Obviously, this list could use some updating. For instance, C# minor is missing *Magnard 4*, and there are only two entries for Eb minor (*Myaskovsky's 6th* and *Prokofiev's 6th*). However there IS a link in each section to a more expansive list of symphonies in that particular key (like this: https://en.wikipedia.org/wiki/List_of_symphonies_in_E-flat_minor, which has ten works in Eb minor, including *Vaughan-Williams' Sinfonia antartica* (No. 7))

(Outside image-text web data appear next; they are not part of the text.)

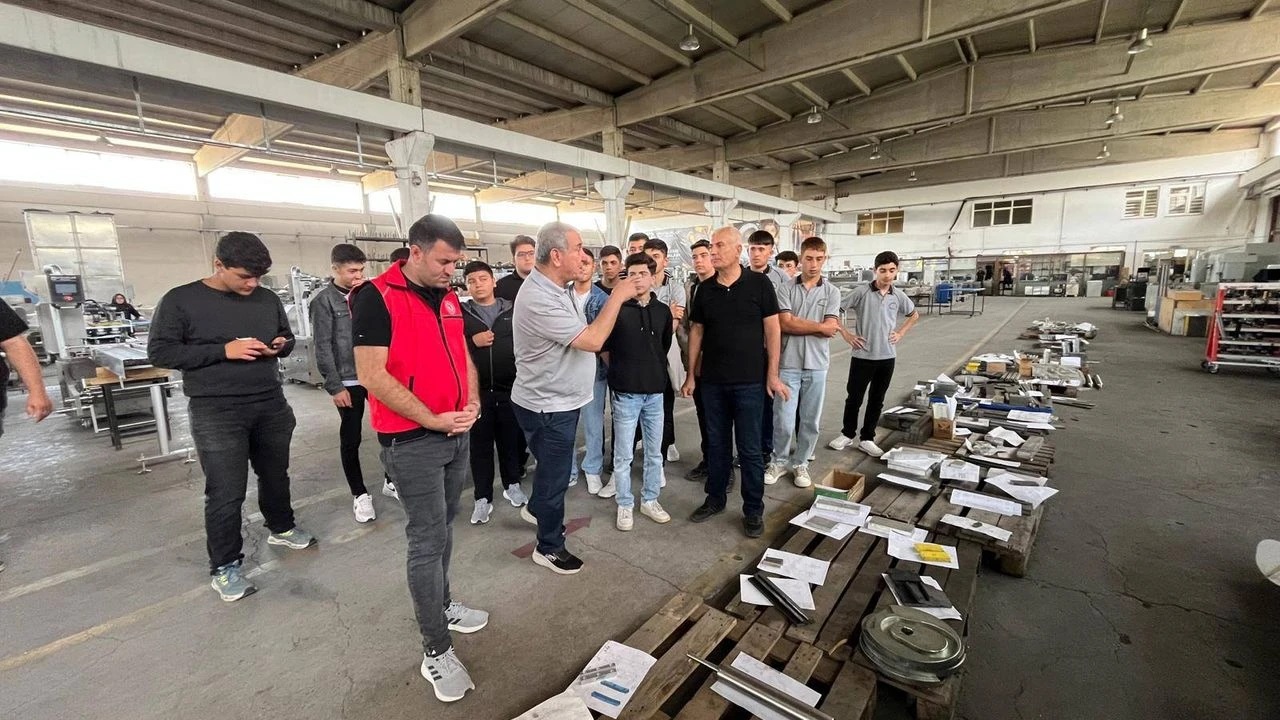 Deneyap Öğrencileri Fabrika Ziyaretinde (1)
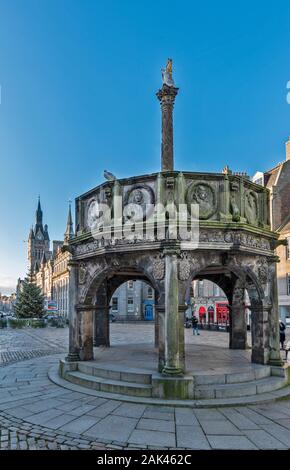 Ville ABERDEEN CASTLEGATE ECOSSE LE MERCAT CROSS OU DE MARCHÉ AVEC UNICORN EN BLANC ET OR ET UN ARBRE DE NOËL DANS LA RUE DU CHÂTEAU Banque D'Images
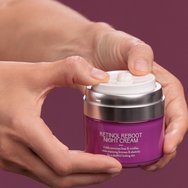 Youth Lab Promo Retinol Reboot Night Cream 50ml & Eye Serum 15ml & Подарък несесер 1 Брой Youth Lab Promo Retinol Reboot Night Cream 50ml & Eye Serum 15ml & Подарък несесер 1 Брой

The breakout for *Symphonies in C# minor* is also missing *Magnard's 4th*: https://en.wikipedia.org/wiki/List_of_symphonies_in_C-sharp_minor

I've done quite a few minor edits on Wikipedia, but tend to shy away from more complex changes. Anyone else here do any edits on *Wikipedia*?


----------



## Bxnwebster (Jan 5, 2021)

C Major: Sibelius 7
C Minor: Saint-Saëns 3
D-Flat Major: n/a
C-Sharp minor: Mahler 5
D Major: Vaughan-Williams 5
D minor: Mendelssohn 5
E-Flat Major: Sibelius 4
E-Flat Minor: n/a
E Major: Rott
E Minor: Rachmaninoff 2
F Major: Brahms 3
F Minor: Haydn 49
F-Sharp Major: Korngold (ambiguous)
F-Sharp Minor: Pejacevic
G Major: Haydn 92
G Minor: Roussel 3
A-Flat Major: Still 1
G-Sharp Minor: n/a
A Major: Roussel 4
A Minor: Mendelssohn 3, Rachmaninoff 3 (tie)
B-Flat Major: Prokofiev 5
B-Flat Minor: n/a
B Major: Korngold Sinfonietta
B Minor: Arensky 1


----------